Hmm. I should make some of those. (Anyone know where I can find a pokedex screen image from black or white to edit? (By the way, how long ago did you make those?))
Love the type combinations. I've made a few strange ones myself, and they turned into my best fakemon. (Grass/Dragon, Electric/Ice, and Psychic/Dark.)


----------



## Blastoise Fortooate (May 12, 2011)

I have a couple.

Psunkeen, my earliest one that I actually asked Kratos to do the artwork for. Need to reinvent this guy.

An unnamed second-stage grass starter. I love the concept but I'm having trouble getting the evolution's design right.

Smithy, a hyperintelligent, hovering grass-type apple that is often used by teachers and, oddly, computer geeks. (haha pun) I have it's evolution, Grandsmith, but no digital art of it.

Cardianal, a Route 1 bird that totally has a better heart motif than Pidove.

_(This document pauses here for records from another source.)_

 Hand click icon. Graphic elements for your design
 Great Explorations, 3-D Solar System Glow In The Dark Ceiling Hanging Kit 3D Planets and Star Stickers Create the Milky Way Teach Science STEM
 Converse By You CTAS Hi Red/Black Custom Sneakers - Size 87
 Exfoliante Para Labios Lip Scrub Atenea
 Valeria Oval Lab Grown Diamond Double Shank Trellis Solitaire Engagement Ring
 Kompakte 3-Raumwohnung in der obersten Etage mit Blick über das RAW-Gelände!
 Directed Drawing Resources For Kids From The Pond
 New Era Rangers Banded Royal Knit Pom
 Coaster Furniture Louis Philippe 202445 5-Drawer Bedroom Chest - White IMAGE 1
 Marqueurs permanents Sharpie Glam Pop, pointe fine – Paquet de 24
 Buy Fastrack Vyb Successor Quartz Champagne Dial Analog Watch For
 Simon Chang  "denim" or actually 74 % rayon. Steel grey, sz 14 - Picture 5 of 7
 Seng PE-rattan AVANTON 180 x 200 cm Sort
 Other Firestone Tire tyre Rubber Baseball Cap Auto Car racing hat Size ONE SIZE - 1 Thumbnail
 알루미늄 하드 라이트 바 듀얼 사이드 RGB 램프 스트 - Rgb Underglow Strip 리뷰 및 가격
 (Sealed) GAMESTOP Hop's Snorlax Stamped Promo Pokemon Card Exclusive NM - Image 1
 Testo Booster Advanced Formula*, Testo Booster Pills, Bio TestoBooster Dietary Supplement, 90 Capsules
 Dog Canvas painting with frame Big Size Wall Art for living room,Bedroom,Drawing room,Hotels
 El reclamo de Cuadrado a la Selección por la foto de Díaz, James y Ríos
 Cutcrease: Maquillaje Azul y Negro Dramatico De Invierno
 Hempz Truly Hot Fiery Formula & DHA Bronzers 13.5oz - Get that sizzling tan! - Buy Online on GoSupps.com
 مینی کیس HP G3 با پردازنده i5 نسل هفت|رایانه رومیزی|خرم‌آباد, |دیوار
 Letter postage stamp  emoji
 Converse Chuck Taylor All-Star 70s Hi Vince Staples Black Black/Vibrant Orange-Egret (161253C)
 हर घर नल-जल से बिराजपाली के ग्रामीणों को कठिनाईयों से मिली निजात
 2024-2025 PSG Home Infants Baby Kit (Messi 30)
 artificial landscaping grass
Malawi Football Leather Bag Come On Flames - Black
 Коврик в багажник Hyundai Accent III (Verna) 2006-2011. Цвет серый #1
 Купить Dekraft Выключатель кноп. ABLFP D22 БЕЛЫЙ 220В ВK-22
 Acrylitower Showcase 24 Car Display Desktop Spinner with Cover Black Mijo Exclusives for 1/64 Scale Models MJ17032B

Willendol, a 'female' baltoy evolution based on the Venus of Willendorf. I love it for some reason and I want one.


----------



## Coloursfall (May 12, 2011)

I dunno I might have some Fakemon. Maybe. Who knows. Golly Gee.

(in less derp words - yes, lots. Here have a thread. I've been planning on reviving it soon)


----------



## Sypl (May 12, 2011)

I only make stats for fakemon.


----------



## voltianqueen (May 12, 2011)

Sparkvark and Ardulon.

I make stuff all the time, just for fun :3 Sparkvark and like a billion others were made for a game project that never happened, and Ardulon and a few more were originally created on the game Amazing Island.


----------



## Not Meowth (May 12, 2011)

I made these guys for the ASB Dex Registry, and also submitted some other Ghost line that's pending approval whenever the fakemon system comes back.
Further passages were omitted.